Data supplied:
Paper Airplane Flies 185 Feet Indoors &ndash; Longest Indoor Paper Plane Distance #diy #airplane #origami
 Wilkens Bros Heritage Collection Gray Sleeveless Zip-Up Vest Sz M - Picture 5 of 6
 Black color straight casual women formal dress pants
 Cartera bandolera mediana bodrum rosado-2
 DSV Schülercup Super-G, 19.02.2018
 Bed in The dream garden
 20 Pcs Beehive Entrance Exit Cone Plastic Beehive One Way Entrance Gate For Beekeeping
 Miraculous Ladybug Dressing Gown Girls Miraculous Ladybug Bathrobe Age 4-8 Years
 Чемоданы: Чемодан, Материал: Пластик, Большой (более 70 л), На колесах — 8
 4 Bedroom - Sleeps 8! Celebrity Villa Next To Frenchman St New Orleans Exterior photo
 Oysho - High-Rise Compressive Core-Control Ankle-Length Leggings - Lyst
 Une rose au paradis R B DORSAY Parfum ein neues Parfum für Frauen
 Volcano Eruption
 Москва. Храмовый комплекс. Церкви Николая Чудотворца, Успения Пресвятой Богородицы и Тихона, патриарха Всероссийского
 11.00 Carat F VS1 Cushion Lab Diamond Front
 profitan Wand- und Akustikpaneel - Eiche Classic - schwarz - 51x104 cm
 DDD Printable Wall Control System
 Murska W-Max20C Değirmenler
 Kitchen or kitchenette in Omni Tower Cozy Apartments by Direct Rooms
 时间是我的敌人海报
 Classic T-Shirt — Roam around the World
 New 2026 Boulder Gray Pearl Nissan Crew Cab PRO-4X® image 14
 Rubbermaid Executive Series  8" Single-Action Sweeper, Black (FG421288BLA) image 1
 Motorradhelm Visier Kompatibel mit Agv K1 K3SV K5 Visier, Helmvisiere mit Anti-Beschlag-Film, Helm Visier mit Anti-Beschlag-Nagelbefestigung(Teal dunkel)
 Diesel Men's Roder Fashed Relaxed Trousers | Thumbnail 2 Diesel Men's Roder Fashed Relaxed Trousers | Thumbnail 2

What is required:
Lines wanted from the listing above: the line with "11.00 Carat F VS1 Cushion Lab Diamond Front" up to and including the line with "New 2026 Boulder". Please write them out exactly, adding nothing else.

Answer section:
 11.00 Carat F VS1 Cushion Lab Diamond Front
 profitan Wand- und Akustikpaneel - Eiche Classic - schwarz - 51x104 cm
 DDD Printable Wall Control System
 Murska W-Max20C Değirmenler
 Kitchen or kitchenette in Omni Tower Cozy Apartments by Direct Rooms
 时间是我的敌人海报
 Classic T-Shirt — Roam around the World
 New 2026 Boulder Gray Pearl Nissan Crew Cab PRO-4X® image 14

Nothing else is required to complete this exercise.